Василий обнимал свою дочь, не понимая, кого ещё он должен беречь. Но не переспрашивал, стиснув зубы. Боясь, что любое его слово разомкнет сжатые челюсти, выпустив на свободу последние силы, которыми он еле сдерживает слезы. Василий удивленно с нежностью смотрел на внука, который стоял рядом и держал его за вторую руку, прижимая к своей щеке.
— Вот! — дочь на мгновенье отстранилась и, порывшись в сумочке, вынула заполненные бланки. — Николь передала результаты анализов. Это не рак, понимаешь! Ты будешь жить, ты будешь жить долго! Понимаешь? Береги его!

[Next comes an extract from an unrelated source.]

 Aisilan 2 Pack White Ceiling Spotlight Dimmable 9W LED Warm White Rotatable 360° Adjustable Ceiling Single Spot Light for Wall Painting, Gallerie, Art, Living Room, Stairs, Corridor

Беречь здоровье?! Василий не знал, что сказать. Он взял протянутые бланки. Иностранные буквы, как потайные символы, были ему не подвластны.
— Здесь на английском. Переведешь в России.
— Спасибо, милая, — выдавил он из себя, — прости меня! Я только неприятности приношу вам всем. Но теперь у вас будет все хорошо. Мы, как раньше, будем общаться по компьютеру.
— Деда, айщё! — Данила потянулся ручонками вверх. Василий наклонился и, посадив его на согнутое предплечье, выпрямился. Внук обнял деда за шею, прижался головой к виску. Полицейские просмотрели листы, которые сунула им Валерия.
— О'Кэй! О'Кэй! Передали их парню за регистрационной стойкой. Тот стал неторопливо их читать. Затем вернул, всё так же услужливо улыбаясь, сделал пометку в компьютере.
Полицейский вложил документы в руку Василия, держащую внука, и махнул, показывая, что пора идти.
Василий стоял посреди зала со спортивной сумкой через плечо, с зажатыми в руках документами, обнимая внука. И ему казалось, что больше ничего в этой жизни не надо, только бы это длилось долго-долго… Эх… Коснулся губами прохладной щеки Данилы и хотел опустить его на пол. Но в этот момент дочка обняла их обоих.
— Нет-нет, папа! Он летит с тобой! Береги его! — Слезы хлынули из её глаз, — Он очень хочет быть с тобой! Мы так решили.
— Деда нет, айщё! — внук радостно обнимал голову деда, прижимаясь своей румяной, словно оладышек, щекой к взъерошенной седине. — Тока динь!
Валерия хотела сказать что-то еще, но не смогла. Тело ее содрогнулось. Замолчав, словно заперев душившие эмоции, достала из сумки серого ушастого мишку. Передала сыну. Данила прижал его к груди.
Полицейский уже тянул Василия за рукав. Наклонившись, он ещё раз поцеловал свою дочь, ощутив что-то знакомое и родное в запахе её волос, вспомнилось черное небо и звёздочки на небосклоне, две беленькие луны…
— Николь спасибо… — брякнул он и осекся. В душе творилось что-то невообразимое. Внук с ним — счастливый сон. Нет — явь. Явь! И впереди — долгая жизнь. Потому что Данила — это и есть его панацея от всех болезней. Онемев от счастья, с глупой растерянной улыбкой, Василий крутился с Данилой на руках во все стороны, стараясь убедиться, что никто не препятствует их соединению.
Прошли в накопитель. Теперь уже вчетвером. Остановились посередине. Полицейские что-то обсуждали между собой.
Внук, улыбаясь, заглядывал в слезящиеся глаза деда, ласково теребил его нос.
— Привет, дед! — прозвучал рядом знакомый голос. — Вижу, возвращаешься с добычей?!